- [Directions for this task] Write the data out again, character for character, with no images.

- [Dataset content]

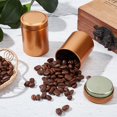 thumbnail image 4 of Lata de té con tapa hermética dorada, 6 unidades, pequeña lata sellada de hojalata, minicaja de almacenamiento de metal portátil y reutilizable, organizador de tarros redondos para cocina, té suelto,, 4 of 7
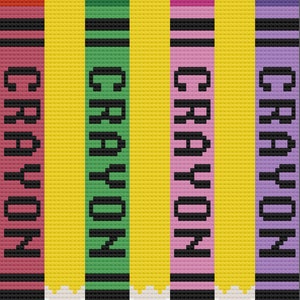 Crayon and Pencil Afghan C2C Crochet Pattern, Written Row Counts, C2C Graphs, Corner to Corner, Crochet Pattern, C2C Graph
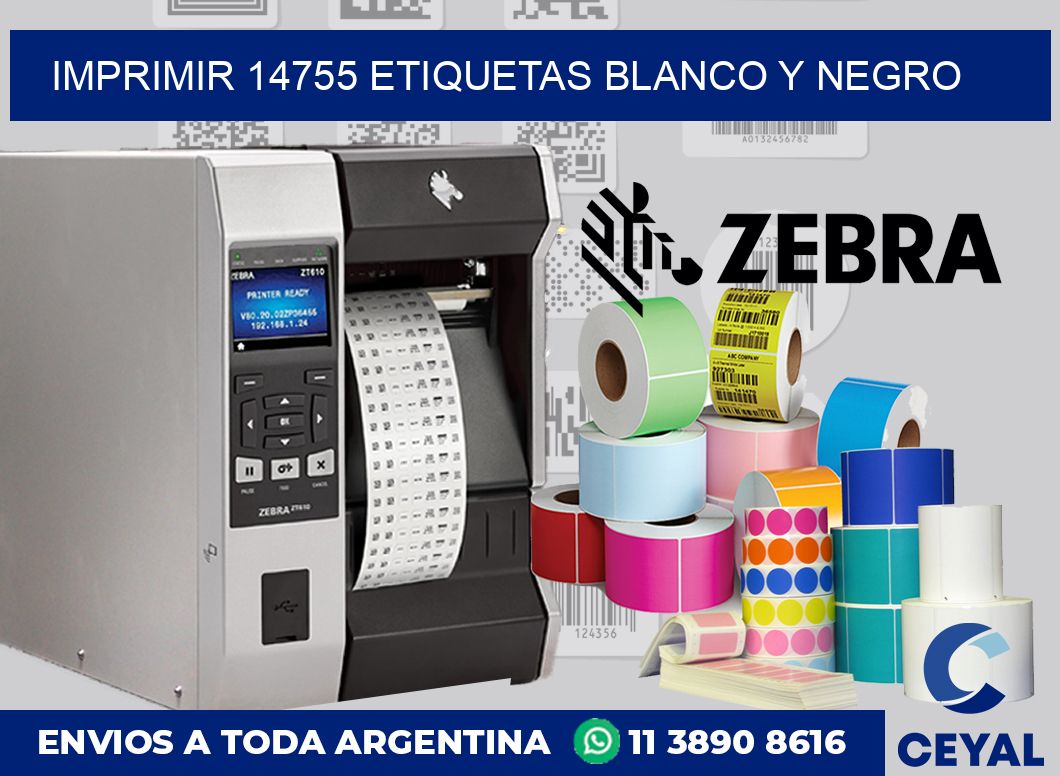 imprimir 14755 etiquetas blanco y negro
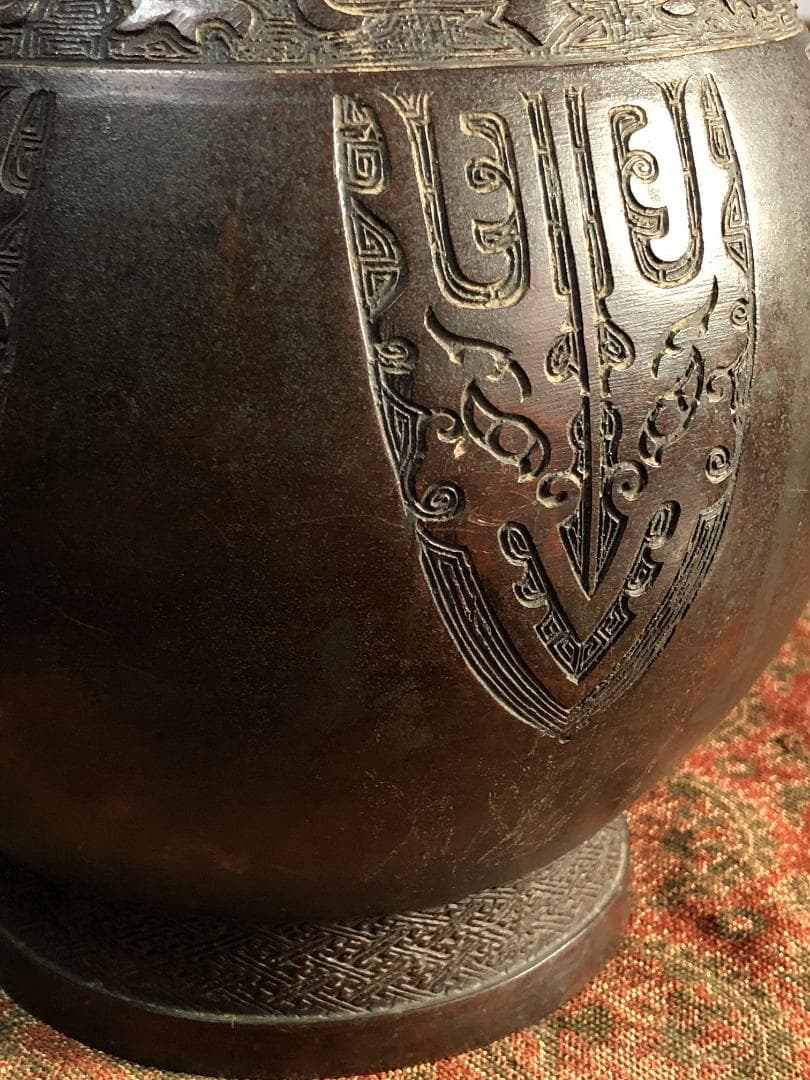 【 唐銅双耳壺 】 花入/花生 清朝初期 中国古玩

- [Solution for this problem]
 thumbnail image 4 of Lata de té con tapa hermética dorada, 6 unidades, pequeña lata sellada de hojalata, minicaja de almacenamiento de metal portátil y reutilizable, organizador de tarros redondos para cocina, té suelto,, 4 of 7
 Crayon and Pencil Afghan C2C Crochet Pattern, Written Row Counts, C2C Graphs, Corner to Corner, Crochet Pattern, C2C Graph
 imprimir 14755 etiquetas blanco y negro
 【 唐銅双耳壺 】 花入/花生 清朝初期 中国古玩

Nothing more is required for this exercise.